Sat Apr 25 10:21:11 CEST 2015

Steven D'Aprano wrote:

> On Fri, Apr 24, 2015 at 04:34:19PM -0700, Jim Mooney wrote:
> 
>> I was looking things up and although there are aliases for utf_8 (utf8
>> and utf-8) I see no aliases for utf_8_sig, so I'm surprised the utf-8-sig
>> I tried using, worked at all. Actually, I was trying to find the file
>> where the aliases are so I could change it and have utf_8_sig called up
>> when I used utf8, but it appears to be hard-coded.
> 
> I believe that Python's codecs system automatically normalises the
> encoding name by removing spaces, dashes and underscores, but I'm afraid
> that either I don't understand how it works or it is buggy:
> 
> py> 'Hello'.encode('utf___---___  -- ___8')  # Works.
> b'Hello'
> 
> py> 'Hello'.encode('ut-f8')  # Fails.
> Traceback (most recent call last):
>   File "<stdin>", line 1, in <module>
> LookupError: unknown encoding: ut-f8

I don't think this is a bug.

Normalization of the name converts to lowercase and collapses arbitrary 
sequences of punctuation into a single "_".

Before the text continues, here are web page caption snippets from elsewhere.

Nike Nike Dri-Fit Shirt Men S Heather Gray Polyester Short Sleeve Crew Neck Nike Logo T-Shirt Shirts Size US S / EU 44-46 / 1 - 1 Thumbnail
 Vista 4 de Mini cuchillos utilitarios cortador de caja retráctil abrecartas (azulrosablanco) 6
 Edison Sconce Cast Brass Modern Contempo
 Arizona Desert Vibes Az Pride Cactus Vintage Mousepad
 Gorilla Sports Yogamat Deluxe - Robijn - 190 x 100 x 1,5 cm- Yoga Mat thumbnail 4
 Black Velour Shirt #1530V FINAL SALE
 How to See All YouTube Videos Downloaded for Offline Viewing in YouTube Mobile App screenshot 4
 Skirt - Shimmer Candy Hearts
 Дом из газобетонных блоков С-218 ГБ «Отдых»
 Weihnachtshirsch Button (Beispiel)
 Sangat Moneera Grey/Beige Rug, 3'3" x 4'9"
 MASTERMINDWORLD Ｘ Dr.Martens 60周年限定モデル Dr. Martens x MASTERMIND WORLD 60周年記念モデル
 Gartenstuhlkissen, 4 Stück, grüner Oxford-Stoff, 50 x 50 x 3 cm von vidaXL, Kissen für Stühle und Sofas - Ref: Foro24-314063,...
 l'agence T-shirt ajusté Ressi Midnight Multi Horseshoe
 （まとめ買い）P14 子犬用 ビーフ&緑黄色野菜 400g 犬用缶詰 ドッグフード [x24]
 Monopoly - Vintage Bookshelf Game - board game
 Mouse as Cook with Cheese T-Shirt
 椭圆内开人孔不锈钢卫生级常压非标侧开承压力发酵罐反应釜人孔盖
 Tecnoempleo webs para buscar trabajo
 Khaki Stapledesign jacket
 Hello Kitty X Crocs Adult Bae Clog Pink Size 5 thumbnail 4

The lookup that follows maps "utf8" to "utf_8" via a table:

>>> [n for n, v in encodings.aliases.aliases.items() if v == "utf_8"]
['utf8_ucs2', 'utf8', 'u8', 'utf', 'utf8_ucs4']

Hm, who the heck uses "u8"? I'd rather go with

>>> encodings.aliases.aliases["steven_s_preferred_encoding"] = "utf_8"
>>> "Hello".encode("--- Steven's preferred encoding ---")
b'Hello'

;)